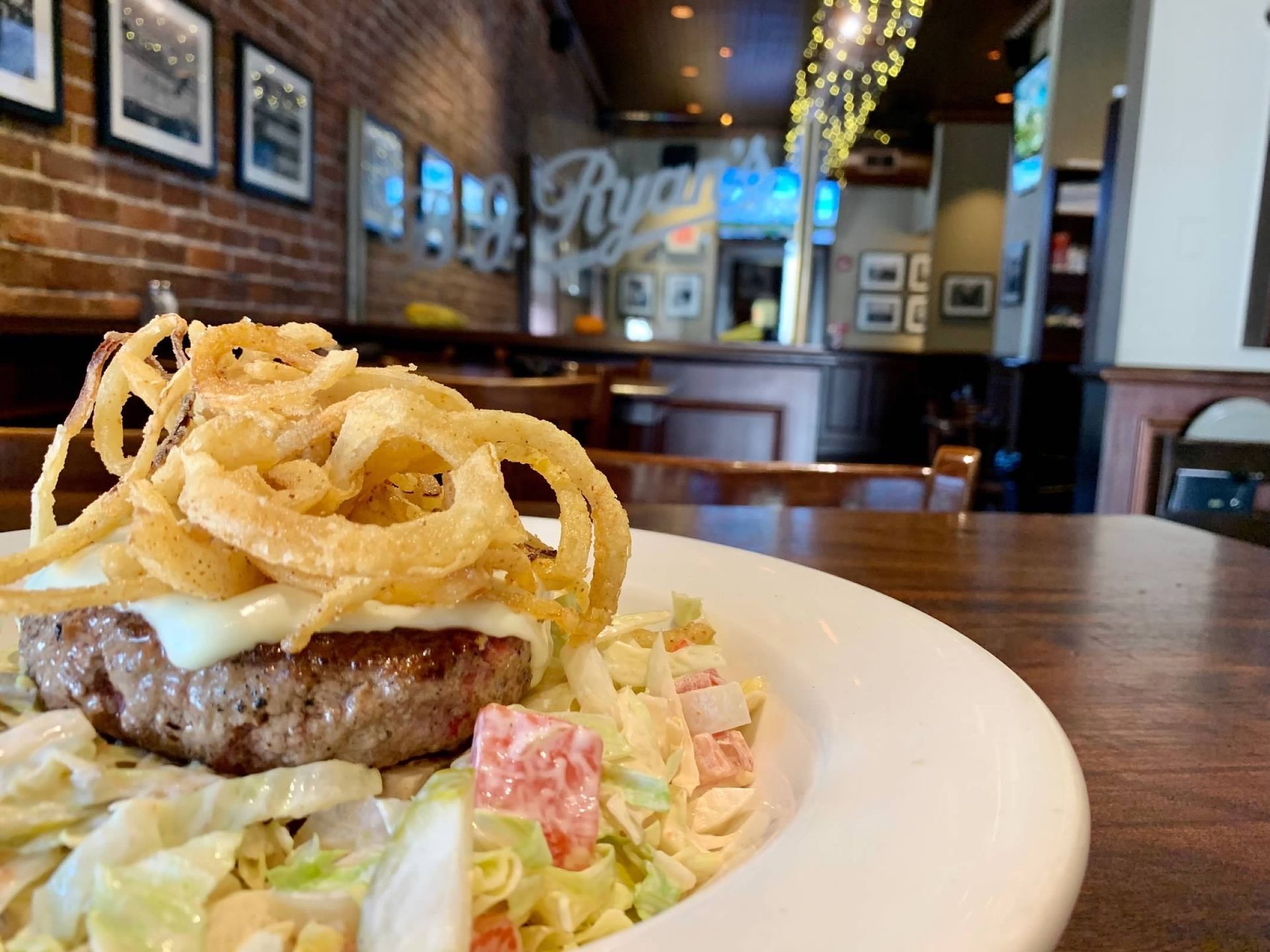 A burger patty topped with crispy fried onions on a bed of salad in a restaurant with brick walls and hanging lights.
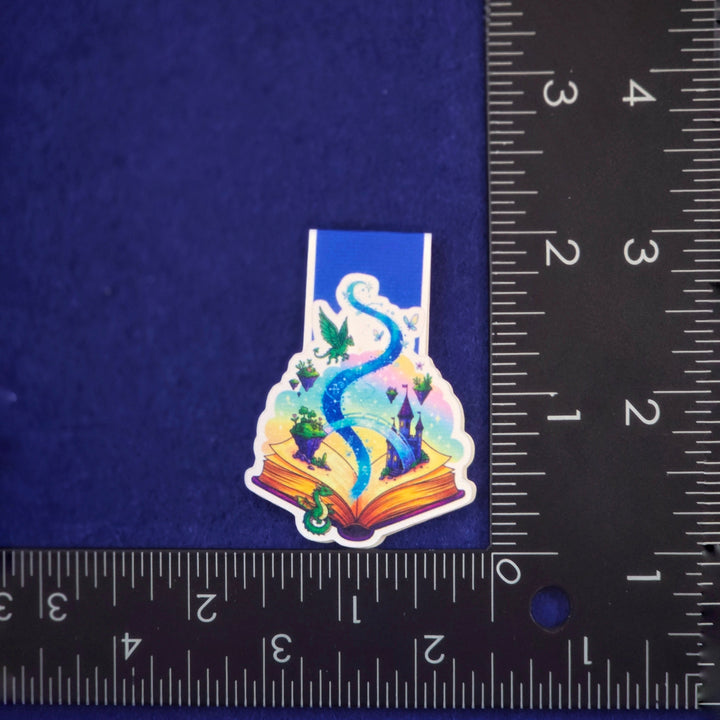 Colorful sticker of a dragon on an open book with a ruler for scale on a blue background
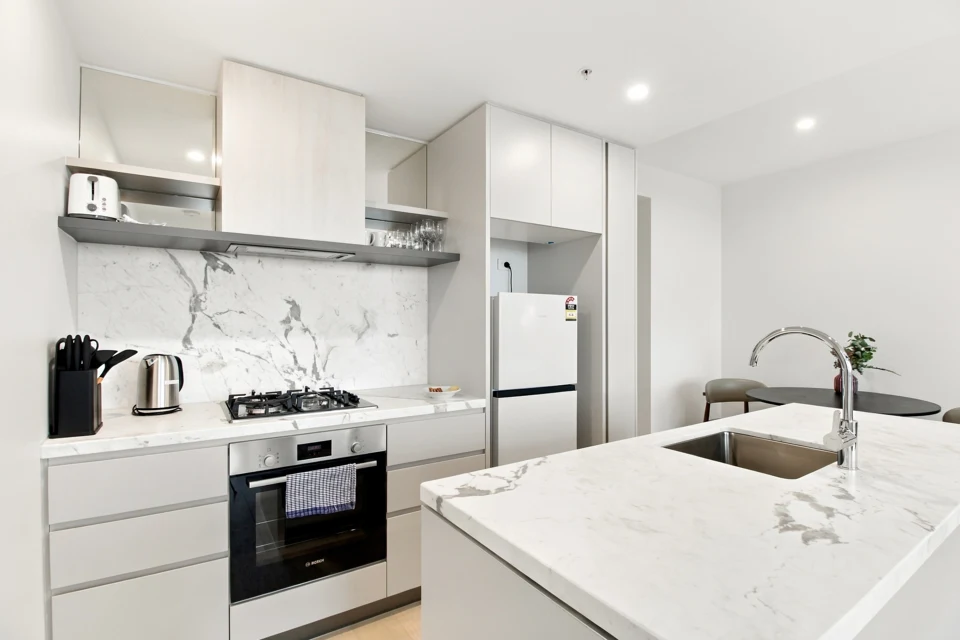 Bright white apartment kitchen with marble-effect surfaces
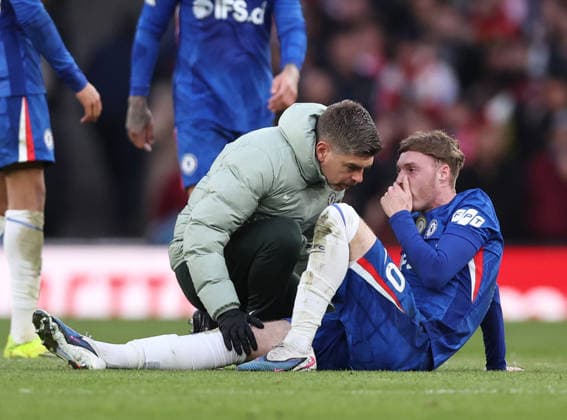 London, England, 1st March 2026. Cole Palmer of Chelsea injured attended to by the physio during the Arsenal vs Chelsea Premier League match at the Emirates Stadium, London. Picture credit should read: David Klein Sportimage EDITORIAL USE ONLY. No use with unauthorised audio, video, data, fixture lists, club league logos or live services. Online in-match use limited to 120 images, no video emulation. No use in betting, games or single club league player publications. SPI_039_DK_Arsenal_Chelsea SPI-4568-0039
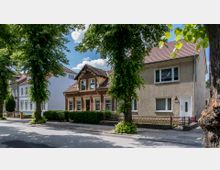 Straßenszene mit mehreren Wohnhäusern in einer Reihe, darunter ein historisches Backsteingebäude mit Giebeldachfenstern und ein schlichtes verputztes Haus mit rechteckigen Fenstern. Vor den Häusern stehen große, schattenspendende Bäume und Büsche, daneben verläuft ein Gehweg.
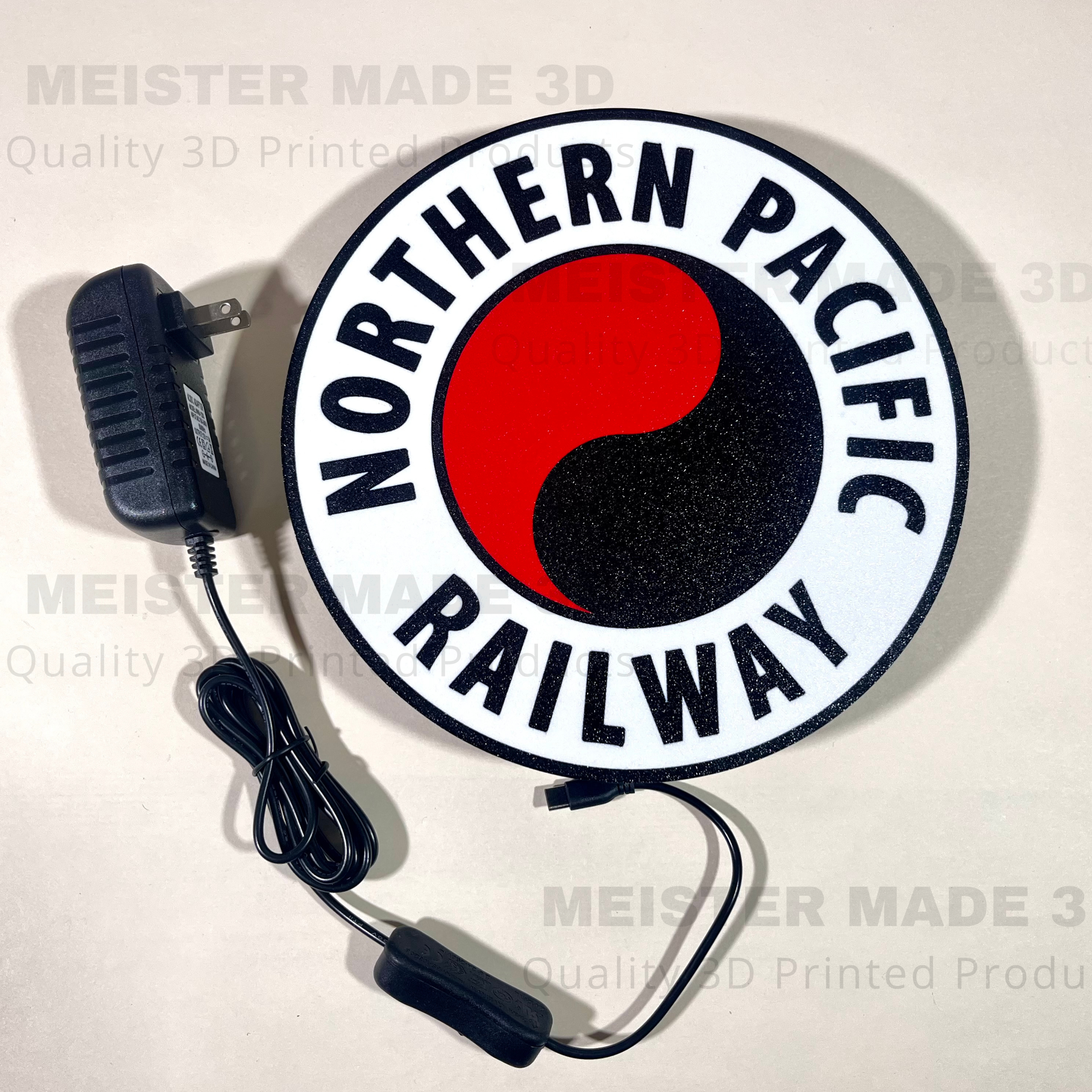 Circular sign with 'Northern Pacific Railway' logo and power adapter on a white background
——————————
Print every line of the material above exactly as it reads, skipping the pictures.

 A burger patty topped with crispy fried onions on a bed of salad in a restaurant with brick walls and hanging lights.
 Colorful sticker of a dragon on an open book with a ruler for scale on a blue background
 Bright white apartment kitchen with marble-effect surfaces
 London, England, 1st March 2026. Cole Palmer of Chelsea injured attended to by the physio during the Arsenal vs Chelsea Premier League match at the Emirates Stadium, London. Picture credit should read: David Klein Sportimage EDITORIAL USE ONLY. No use with unauthorised audio, video, data, fixture lists, club league logos or live services. Online in-match use limited to 120 images, no video emulation. No use in betting, games or single club league player publications. SPI_039_DK_Arsenal_Chelsea SPI-4568-0039
 Straßenszene mit mehreren Wohnhäusern in einer Reihe, darunter ein historisches Backsteingebäude mit Giebeldachfenstern und ein schlichtes verputztes Haus mit rechteckigen Fenstern. Vor den Häusern stehen große, schattenspendende Bäume und Büsche, daneben verläuft ein Gehweg.
 Circular sign with 'Northern Pacific Railway' logo and power adapter on a white background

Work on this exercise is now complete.